Source material →
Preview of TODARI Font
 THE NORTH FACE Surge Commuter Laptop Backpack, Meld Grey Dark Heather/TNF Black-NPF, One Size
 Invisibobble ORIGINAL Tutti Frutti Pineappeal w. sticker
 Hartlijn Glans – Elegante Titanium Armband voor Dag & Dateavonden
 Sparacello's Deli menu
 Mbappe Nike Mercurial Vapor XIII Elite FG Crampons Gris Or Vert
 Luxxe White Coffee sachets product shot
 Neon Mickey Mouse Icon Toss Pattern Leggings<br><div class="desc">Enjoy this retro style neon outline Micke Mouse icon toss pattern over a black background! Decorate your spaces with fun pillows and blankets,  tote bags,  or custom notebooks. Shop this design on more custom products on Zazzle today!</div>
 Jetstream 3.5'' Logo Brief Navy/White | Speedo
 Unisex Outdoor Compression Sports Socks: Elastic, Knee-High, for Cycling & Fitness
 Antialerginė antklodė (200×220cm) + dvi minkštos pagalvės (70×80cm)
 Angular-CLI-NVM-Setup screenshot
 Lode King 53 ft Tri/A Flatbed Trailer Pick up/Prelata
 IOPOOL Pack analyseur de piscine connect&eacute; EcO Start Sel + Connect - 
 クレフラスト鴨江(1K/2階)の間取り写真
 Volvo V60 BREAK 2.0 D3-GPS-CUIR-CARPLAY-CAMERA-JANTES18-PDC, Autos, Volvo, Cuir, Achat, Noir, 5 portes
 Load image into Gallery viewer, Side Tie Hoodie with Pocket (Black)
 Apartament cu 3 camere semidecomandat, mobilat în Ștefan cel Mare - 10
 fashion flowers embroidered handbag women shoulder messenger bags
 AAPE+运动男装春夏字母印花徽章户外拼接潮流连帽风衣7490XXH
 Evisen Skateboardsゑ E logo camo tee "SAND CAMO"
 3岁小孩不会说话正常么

What to produce → Print the lines of the material, exactly and only, from the line that contains "Unisex Outdoor Compression" down to and including the final line.

Answer below →
 Unisex Outdoor Compression Sports Socks: Elastic, Knee-High, for Cycling & Fitness
 Antialerginė antklodė (200×220cm) + dvi minkštos pagalvės (70×80cm)
 Angular-CLI-NVM-Setup screenshot
 Lode King 53 ft Tri/A Flatbed Trailer Pick up/Prelata
 IOPOOL Pack analyseur de piscine connect&eacute; EcO Start Sel + Connect - 
 クレフラスト鴨江(1K/2階)の間取り写真
 Volvo V60 BREAK 2.0 D3-GPS-CUIR-CARPLAY-CAMERA-JANTES18-PDC, Autos, Volvo, Cuir, Achat, Noir, 5 portes
 Load image into Gallery viewer, Side Tie Hoodie with Pocket (Black)
 Apartament cu 3 camere semidecomandat, mobilat în Ștefan cel Mare - 10
 fashion flowers embroidered handbag women shoulder messenger bags
 AAPE+运动男装春夏字母印花徽章户外拼接潮流连帽风衣7490XXH
 Evisen Skateboardsゑ E logo camo tee "SAND CAMO"
 3岁小孩不会说话正常么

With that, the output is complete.